What you will do>
Among the lines below, restate word for word only those from the line with "A figure with" through the line with "Sildenafil sandoz 75 mg", with both end lines kept.

Supplied entries>
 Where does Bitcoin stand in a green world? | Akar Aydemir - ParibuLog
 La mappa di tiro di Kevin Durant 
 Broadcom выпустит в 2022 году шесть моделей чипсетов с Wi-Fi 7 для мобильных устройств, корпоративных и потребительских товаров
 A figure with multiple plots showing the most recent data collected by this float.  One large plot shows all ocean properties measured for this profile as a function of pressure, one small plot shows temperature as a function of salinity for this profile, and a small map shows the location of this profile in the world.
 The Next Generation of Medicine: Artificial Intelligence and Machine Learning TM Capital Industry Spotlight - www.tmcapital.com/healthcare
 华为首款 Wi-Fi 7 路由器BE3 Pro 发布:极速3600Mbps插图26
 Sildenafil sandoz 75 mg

...

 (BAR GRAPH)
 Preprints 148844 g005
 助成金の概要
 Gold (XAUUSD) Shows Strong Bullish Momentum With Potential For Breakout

* * *

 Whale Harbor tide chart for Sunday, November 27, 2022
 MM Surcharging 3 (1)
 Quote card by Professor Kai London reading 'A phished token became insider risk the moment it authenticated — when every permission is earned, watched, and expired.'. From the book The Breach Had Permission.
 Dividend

Output for this exercise>
 A figure with multiple plots showing the most recent data collected by this float.  One large plot shows all ocean properties measured for this profile as a function of pressure, one small plot shows temperature as a function of salinity for this profile, and a small map shows the location of this profile in the world.
 The Next Generation of Medicine: Artificial Intelligence and Machine Learning TM Capital Industry Spotlight - www.tmcapital.com/healthcare
 华为首款 Wi-Fi 7 路由器BE3 Pro 发布:极速3600Mbps插图26
 Sildenafil sandoz 75 mg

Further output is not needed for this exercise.